> [TASK INSTRUCTIONS]
Word for word, restate the entries below from their first line through the line that contains "The Marine Boutique Hotel - Værelse".

(Dataset records)
++++

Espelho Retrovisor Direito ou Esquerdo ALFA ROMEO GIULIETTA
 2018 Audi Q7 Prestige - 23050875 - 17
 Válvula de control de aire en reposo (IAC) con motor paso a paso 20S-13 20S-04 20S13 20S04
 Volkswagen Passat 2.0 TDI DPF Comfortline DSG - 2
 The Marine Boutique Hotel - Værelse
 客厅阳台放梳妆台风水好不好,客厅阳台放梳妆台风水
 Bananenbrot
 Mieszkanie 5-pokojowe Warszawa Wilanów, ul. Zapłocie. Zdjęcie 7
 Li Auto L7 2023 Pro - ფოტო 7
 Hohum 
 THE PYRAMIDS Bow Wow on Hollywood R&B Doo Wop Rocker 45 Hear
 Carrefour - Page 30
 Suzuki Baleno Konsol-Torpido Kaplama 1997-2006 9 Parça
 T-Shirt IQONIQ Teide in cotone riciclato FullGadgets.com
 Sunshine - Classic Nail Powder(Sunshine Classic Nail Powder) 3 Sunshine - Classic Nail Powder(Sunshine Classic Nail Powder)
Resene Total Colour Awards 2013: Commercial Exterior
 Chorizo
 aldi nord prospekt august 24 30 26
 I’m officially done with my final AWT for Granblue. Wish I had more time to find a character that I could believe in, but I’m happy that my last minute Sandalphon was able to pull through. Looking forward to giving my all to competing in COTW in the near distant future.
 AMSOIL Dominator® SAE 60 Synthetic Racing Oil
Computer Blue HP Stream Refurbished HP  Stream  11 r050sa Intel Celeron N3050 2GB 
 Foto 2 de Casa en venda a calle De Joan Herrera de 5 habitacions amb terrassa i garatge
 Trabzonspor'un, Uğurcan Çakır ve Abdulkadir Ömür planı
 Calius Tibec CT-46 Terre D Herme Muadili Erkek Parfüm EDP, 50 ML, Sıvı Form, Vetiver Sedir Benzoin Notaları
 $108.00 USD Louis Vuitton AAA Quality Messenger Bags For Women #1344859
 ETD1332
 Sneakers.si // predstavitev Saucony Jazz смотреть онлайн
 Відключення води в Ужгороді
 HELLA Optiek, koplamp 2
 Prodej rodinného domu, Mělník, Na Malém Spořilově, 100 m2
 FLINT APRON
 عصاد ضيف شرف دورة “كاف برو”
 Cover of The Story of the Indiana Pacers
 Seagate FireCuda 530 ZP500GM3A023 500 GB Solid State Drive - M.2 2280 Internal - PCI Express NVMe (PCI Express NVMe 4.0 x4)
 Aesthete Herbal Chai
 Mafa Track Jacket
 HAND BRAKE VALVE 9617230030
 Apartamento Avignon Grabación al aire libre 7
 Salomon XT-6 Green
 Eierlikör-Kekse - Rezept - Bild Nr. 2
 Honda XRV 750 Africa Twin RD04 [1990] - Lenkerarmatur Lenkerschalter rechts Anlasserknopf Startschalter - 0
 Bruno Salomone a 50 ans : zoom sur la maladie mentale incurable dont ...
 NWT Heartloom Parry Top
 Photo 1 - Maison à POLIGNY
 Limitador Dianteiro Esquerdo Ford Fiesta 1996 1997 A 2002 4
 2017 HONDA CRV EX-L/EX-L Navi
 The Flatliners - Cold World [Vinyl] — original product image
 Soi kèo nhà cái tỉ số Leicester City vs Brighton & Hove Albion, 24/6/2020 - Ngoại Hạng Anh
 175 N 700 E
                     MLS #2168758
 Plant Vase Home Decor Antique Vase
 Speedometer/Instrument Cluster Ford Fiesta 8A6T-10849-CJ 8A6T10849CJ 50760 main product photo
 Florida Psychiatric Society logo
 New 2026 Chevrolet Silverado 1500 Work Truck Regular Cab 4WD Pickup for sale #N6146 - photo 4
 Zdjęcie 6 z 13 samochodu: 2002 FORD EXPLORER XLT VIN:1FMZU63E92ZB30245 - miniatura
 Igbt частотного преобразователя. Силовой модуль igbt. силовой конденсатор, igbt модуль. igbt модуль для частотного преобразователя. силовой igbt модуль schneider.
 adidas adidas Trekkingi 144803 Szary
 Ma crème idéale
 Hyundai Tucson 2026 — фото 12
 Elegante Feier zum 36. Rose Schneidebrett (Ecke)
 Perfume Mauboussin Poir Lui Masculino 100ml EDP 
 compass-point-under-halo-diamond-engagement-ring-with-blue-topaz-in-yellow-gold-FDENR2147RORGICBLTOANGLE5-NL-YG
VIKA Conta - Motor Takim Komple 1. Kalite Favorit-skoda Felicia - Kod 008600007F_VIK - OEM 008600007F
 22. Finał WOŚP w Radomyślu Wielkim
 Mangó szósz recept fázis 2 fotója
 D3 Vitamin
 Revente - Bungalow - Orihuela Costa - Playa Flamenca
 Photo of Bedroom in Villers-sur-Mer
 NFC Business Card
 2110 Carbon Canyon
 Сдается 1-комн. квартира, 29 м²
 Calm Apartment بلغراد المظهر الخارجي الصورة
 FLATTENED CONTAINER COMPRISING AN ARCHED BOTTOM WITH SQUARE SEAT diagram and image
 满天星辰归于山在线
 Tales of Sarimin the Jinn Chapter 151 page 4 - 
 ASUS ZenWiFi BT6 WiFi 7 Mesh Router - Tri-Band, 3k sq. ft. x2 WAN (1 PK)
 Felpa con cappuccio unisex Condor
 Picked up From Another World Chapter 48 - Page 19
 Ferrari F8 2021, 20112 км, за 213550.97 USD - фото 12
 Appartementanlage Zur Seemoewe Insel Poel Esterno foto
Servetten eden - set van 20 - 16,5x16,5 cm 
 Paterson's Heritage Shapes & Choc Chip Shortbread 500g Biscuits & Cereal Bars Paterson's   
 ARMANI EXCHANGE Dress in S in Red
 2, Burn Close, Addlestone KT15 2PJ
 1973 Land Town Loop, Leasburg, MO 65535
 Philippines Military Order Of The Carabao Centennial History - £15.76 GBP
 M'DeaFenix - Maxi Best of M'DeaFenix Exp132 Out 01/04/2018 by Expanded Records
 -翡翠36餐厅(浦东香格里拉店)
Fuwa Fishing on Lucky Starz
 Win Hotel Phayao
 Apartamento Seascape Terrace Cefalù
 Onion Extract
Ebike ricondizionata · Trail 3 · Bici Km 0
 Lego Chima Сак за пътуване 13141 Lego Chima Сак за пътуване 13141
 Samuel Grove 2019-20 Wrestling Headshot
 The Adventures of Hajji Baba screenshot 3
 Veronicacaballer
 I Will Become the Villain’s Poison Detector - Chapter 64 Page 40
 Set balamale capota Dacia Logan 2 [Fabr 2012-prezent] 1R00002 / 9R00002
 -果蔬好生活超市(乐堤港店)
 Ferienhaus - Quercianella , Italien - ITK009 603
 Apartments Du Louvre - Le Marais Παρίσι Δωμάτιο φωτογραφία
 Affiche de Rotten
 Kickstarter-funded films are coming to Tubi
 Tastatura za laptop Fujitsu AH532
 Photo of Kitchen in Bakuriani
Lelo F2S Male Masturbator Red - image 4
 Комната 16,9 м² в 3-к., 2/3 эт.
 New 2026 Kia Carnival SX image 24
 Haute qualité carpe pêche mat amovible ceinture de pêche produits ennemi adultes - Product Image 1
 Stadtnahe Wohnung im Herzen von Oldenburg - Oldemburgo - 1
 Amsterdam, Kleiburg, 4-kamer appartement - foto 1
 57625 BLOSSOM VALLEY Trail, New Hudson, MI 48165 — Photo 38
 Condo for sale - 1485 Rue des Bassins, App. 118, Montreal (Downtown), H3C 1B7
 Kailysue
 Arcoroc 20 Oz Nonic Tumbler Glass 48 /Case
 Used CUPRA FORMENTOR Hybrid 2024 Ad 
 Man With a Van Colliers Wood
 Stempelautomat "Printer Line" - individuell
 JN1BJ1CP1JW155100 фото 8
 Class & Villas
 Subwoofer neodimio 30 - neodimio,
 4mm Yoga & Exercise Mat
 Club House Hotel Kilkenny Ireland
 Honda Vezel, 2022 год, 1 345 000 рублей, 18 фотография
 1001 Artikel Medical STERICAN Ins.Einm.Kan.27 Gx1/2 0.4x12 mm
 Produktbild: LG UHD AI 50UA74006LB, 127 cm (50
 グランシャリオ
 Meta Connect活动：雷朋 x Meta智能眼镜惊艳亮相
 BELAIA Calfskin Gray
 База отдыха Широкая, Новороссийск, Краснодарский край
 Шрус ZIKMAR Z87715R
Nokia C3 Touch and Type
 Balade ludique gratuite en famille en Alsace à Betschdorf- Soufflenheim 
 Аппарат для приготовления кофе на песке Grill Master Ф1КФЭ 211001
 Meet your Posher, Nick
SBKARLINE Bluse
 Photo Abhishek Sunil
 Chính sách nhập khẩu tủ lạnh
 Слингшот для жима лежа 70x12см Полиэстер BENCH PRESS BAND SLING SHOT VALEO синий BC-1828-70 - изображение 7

++++

> [RESULT]
Espelho Retrovisor Direito ou Esquerdo ALFA ROMEO GIULIETTA
 2018 Audi Q7 Prestige - 23050875 - 17
 Válvula de control de aire en reposo (IAC) con motor paso a paso 20S-13 20S-04 20S13 20S04
 Volkswagen Passat 2.0 TDI DPF Comfortline DSG - 2
 The Marine Boutique Hotel - Værelse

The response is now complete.